アキがオリジナルな、自分だけの時代を作っていることには興奮します。だから寓話的にも見えるんですよね。アンサはよくスカートを履いてますが、クラシックなスタイルですよね。仕事場で着ていたつなぎもそうです。

一方でアンサが、ホラッパが抱える問題を助けようとしないのは、とても現代的だと思いました。「あなたを愛してる。でもあなたは自分の問題を自分で解決しないといけない」と言えるのは、とても現代的な愛の形ですよね。愛する誰かを助けてしまうのは、非常によくある”罠”ですから。

-カウリスマキといえば色、音楽、服装やインテリアなどディテールを追求する監督です。アルマさんが好きな、ディテールのあるシーンはどこでしたか?

ああ、それはいい質問ですね。……そうですね、ジュークボックスのシーンです。アンサが働くことになるバーで『ヘイ・マンボ』がかかる場面ですね。カメラが段々とひいていって、店にいる客が映って。

彼らは何か考えている。ただ飲んでいる。椅子に並んで腰掛けていて、一人ではないけれど誰も何も話さない。一緒にいるのにとても孤独で、そこにイタリアのマンボがかかる、そのコンビネーションが素晴らしいですよね。色づかいもいいですし。カウンターにいる女性は、いつもどおりといった表情でそこに立っている。どこにでもある孤独の物語をリアルに、とても雄弁に語っているシーンだと思うんです。

-本作には、これまでのカウリスマキ作品の重要な人物もたくさん顔を見せますね。彼らとの共演はどうでしたか?

彼らはとても控えめで……それがカウリスマキのユニヴァースですよね。
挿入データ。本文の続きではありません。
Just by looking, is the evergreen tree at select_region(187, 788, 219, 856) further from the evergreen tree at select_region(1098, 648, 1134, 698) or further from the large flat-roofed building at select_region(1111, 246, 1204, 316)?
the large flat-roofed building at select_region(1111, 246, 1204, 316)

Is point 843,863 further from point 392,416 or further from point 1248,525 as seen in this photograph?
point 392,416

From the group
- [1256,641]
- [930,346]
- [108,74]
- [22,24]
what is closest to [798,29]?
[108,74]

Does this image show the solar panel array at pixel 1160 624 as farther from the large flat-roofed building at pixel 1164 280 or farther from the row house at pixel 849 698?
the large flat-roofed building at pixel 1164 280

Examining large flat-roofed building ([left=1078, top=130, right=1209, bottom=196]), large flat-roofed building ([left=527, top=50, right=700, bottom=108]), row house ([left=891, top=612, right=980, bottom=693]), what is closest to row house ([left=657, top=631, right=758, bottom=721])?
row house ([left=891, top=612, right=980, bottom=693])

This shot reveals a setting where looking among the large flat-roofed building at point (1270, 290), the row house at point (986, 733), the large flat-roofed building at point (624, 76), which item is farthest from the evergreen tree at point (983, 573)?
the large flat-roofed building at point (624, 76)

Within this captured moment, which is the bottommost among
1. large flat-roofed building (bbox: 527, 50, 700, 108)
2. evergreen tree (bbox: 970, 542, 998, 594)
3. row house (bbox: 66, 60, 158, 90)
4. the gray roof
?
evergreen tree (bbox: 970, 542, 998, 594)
それぞれの作品からやってきたような彼らの台詞や、役柄との”遊び”によってカウリスマキのユニヴァースが生まれていますが、過去の作品を知らなくても本作は楽しめます。知らないと楽しめないような、気取った仕掛けではないところもいいですよね。

-心温まる友情が描かれていますが、実際のフィンランドではどうでしょう?

一度、友達になったらその関係は長く続くと思います。フィンランド人は正直で、最初は沈黙の時間がしばらくある。でも友情を築いたら、もうずっと友達、というような。すぐにどこかにいってしまうようなものではないんです。

沈黙というのはけっして不器用ゆえではなくて、信頼できる間柄だからこそ沈黙できることもありますよね。いろいろなことが起きても、とくに会話を交わさなくても、ただ座って沈黙を共有できるのは良い関係を保てている証だと思います。

一方で現代は、もう少しおたがいを気にかける時間を持てたらいいと思います。いまはエゴに生きる時代ですよね。自分だけでなく、もっとまわりの人々を見ることが大事だと思います。

-作品の中でウクライナについてのニュースが流れています。そうした監督のアプローチについてはどう思われましたか?またアルマさん自身は政治や社会的な問題にどう関わっていきたいでしょうか?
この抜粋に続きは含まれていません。